Con todo, la pandemia y la herencia de Mauricio Macri seguirán siendo los latiguillos de la estrategia comunicacional del Gobierno para desembarazarse de la responsabilidad que le cabe en la presente crisis socioeconómica, la más grave desde la iniciada hacia fines de 2001.
Como en toda estrategia política enfocada en la comunicación, abundan las exageraciones. Desde que en junio compartió una charla con Lula da Silva, el presidente Fernández no se cansa de repetir que el coronavirus "ha destruido al sistema capitalista tal como lo conocimos", algo sobre lo que no hay mayores certezas. Es probable que con esas apreciaciones más que controvertidas, el jefe del Estado argentino busque ocultar detrás de la globalización su responsabilidad, como también llegar al corazón de quienes todavía se emocionan escuchando los acordes de la vieja marcha partidaria que llama a "combatir al capital".
El mensaje de Alberto Fernández en el acto por el 17 de octubre llevado a cabo en la sede de la CGT tuvo un condimento parecido. Apuntó a encontrar en la mística del peronismo una fórmula para legitimar un poder que los resultados de su gestión no ayudan por ahora a consolidar.
La caravana de automóviles en la zona céntrica y en los alrededores de la Plaza de Mayo potenció la idea de que a un gobierno –y mucho menos si es peronista– no se le puede ganar la calle, una idea presente en Néstor Kirchner desde el inicio de su presidencia y que seguramente le transmitió a su entonces jefe de Gabinete.
Lo cierto es que, en su mensaje por el día de la lealtad, el primer mandatario habló más como supuesto líder de una fracción política que como presidente de todos los argentinos. Pudo haber sido el lanzamiento implícito para su consagración como titular del Partido Justicialista, algo que se produciría el 20 de diciembre, con el apoyo ya asegurado de buena parte del sindicalismo y de los gobernadores provinciales peronistas.
Dado que la idea de forjar el albertismo no parece una aventura factible por el momento, la propuesta de reflotar la estructura partidaria puede ser una alternativa interesante para algunos de sus allegados.

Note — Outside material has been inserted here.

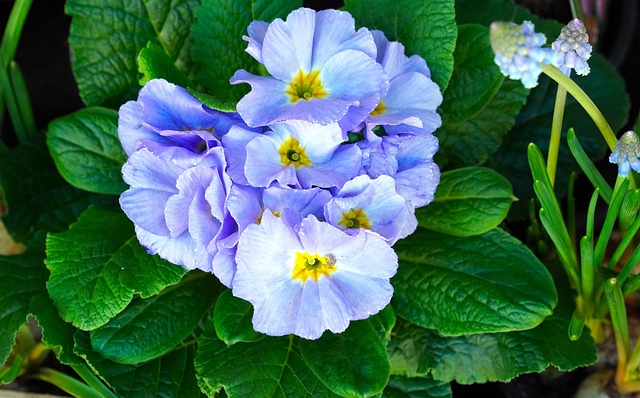 primroses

Aunque difícilmente sea mucho más que un premio consuelo en función de que, cuando el peronismo está en el Gobierno, nadie recuerda siquiera dónde queda la sede del PJ. Mucho menos, Cristina Kirchner, quien casi siempre se refirió con desdén al partido, al que despectivamente llama "pejotismo".
Pero si en algo se vienen pareciendo cada vez más el Presidente y su vicepresidenta es en un discurso que permanentemente reabre grietas en vez de cerrarlas. Llamó la atención que Alberto Fernández se refiriera el sábado pasado algo más que elípticamente al odio de clase, al tiempo que señalara que los diarios de 1945 "decían más o menos lo mismo que ahora" cuando hablaban del "aluvión zoológico", en alusión a las masas que convergieron en la Plaza de Mayo para apoyar a Juan Domingo Perón aquel 17 de octubre.
Mostró el Presidente una hilacha sectarista que ya había insinuado durante su reciente entrevista con Horacio Verbitsky, en la que afirmó que su gobierno es el último proyecto para que "el conservadorismo" no pueda volver a hacerse cargo de la Argentina "nunca más". Una negación de la alternancia, del pluralismo de ideas y una cachetada al 52% de la ciudadanía que no lo votó.